## EXERCISE DESCRIPTION
Find the line with "Colorful cityscape with" in the entries below, then output every line from it down to the line with "Schattigee Puppy Dog", exactly and with no pictures.

## SUPPLIED RECORDS
╭──
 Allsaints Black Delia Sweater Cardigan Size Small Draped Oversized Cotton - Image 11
╰──
╭──
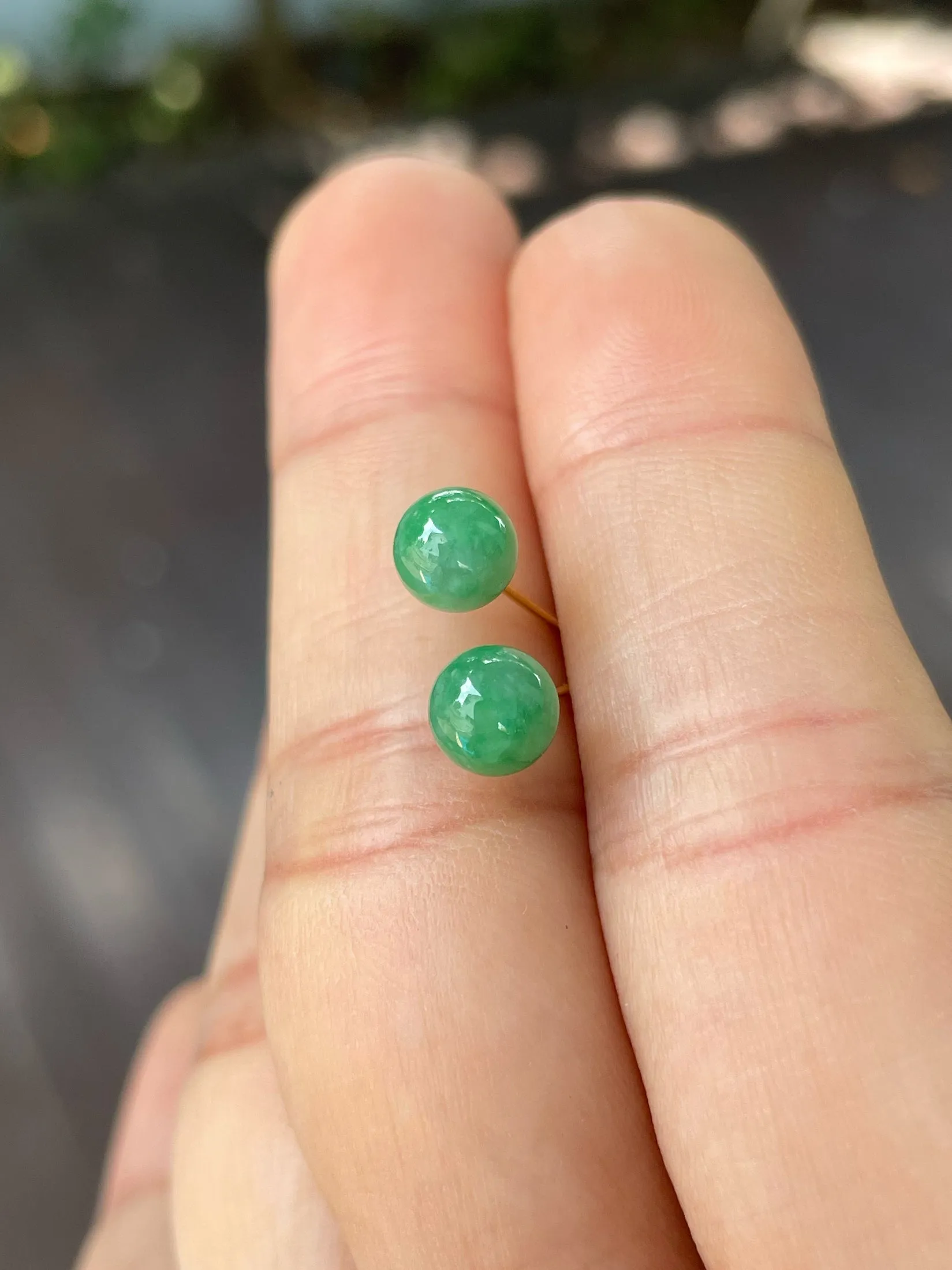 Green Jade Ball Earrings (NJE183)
╰──
╭──
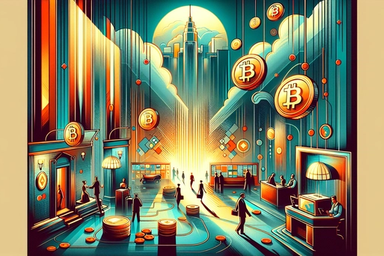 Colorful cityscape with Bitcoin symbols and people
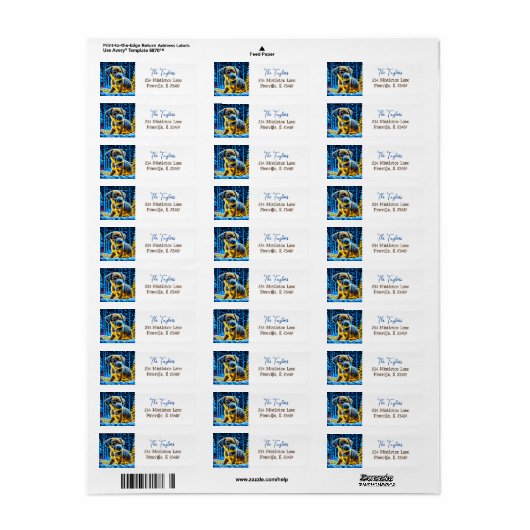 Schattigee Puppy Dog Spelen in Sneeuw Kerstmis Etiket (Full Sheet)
╰──
## ANSWER SECTION
 Colorful cityscape with Bitcoin symbols and people
 Schattigee Puppy Dog Spelen in Sneeuw Kerstmis Etiket (Full Sheet)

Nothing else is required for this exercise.